*How to complete this task*. The expected response is the full listing, retyped exactly, without its images.

*Given material*.
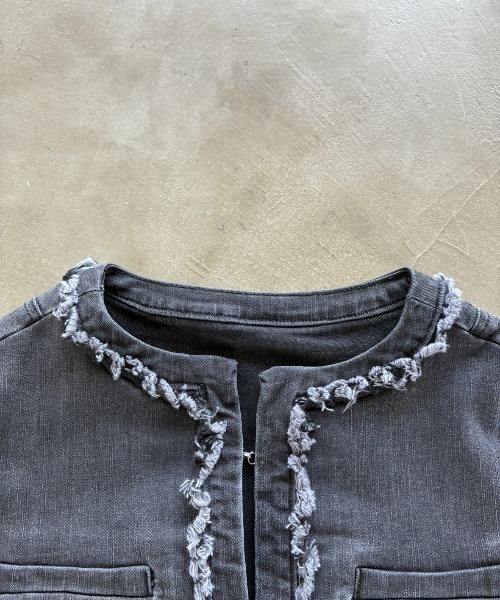 SHAGGIE（シャギー）の「フロント切り替えフリンジジャケット（その他アウター・レディース・ブラック/ブルー・FREE）」の10枚目の写真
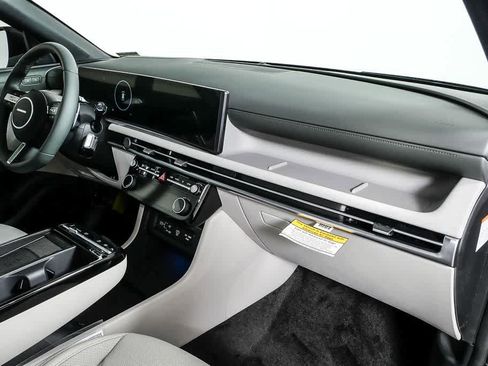 New 2026 Hyundai Tucson Limited image 35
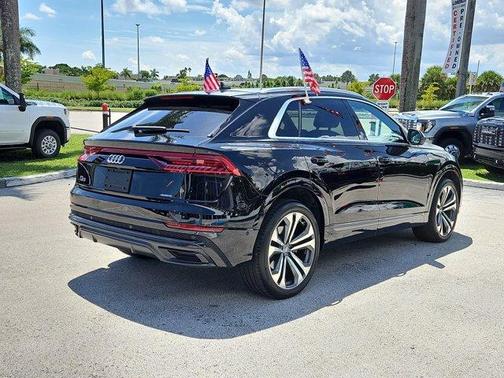 2020 Audi Q8 55 Premium Plus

*Your solution*.
 SHAGGIE（シャギー）の「フロント切り替えフリンジジャケット（その他アウター・レディース・ブラック/ブルー・FREE）」の10枚目の写真
 New 2026 Hyundai Tucson Limited image 35
 2020 Audi Q8 55 Premium Plus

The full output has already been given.